BRIEF: Please copy exactly the part of the records below that opens with the line containing "Good afternoon everyone." and closes with the line containing "Welcome to Palms", leaving out any pictures.

STORED DATA:
╭──

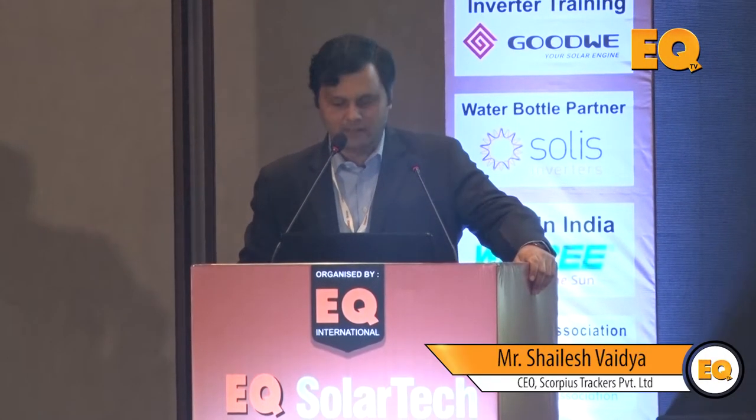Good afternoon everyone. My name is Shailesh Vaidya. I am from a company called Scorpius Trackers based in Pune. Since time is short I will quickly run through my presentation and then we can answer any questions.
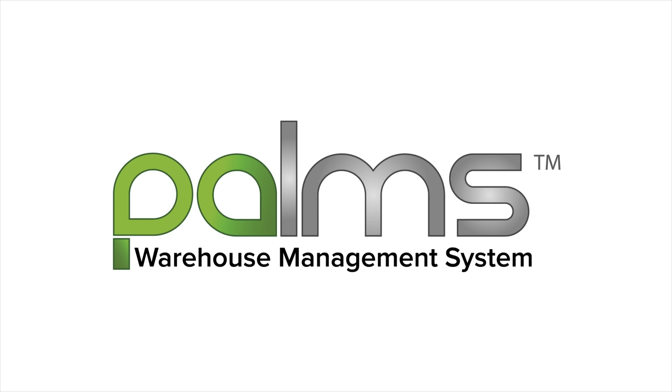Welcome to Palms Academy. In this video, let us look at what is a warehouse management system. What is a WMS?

╰──
╭──

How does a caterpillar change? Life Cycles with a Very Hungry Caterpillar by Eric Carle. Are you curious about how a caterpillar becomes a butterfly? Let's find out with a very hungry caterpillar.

╰──

TASK RESULT:
Good afternoon everyone. My name is Shailesh Vaidya. I am from a company called Scorpius Trackers based in Pune. Since time is short I will quickly run through my presentation and then we can answer any questions.
Welcome to Palms Academy. In this video, let us look at what is a warehouse management system. What is a WMS?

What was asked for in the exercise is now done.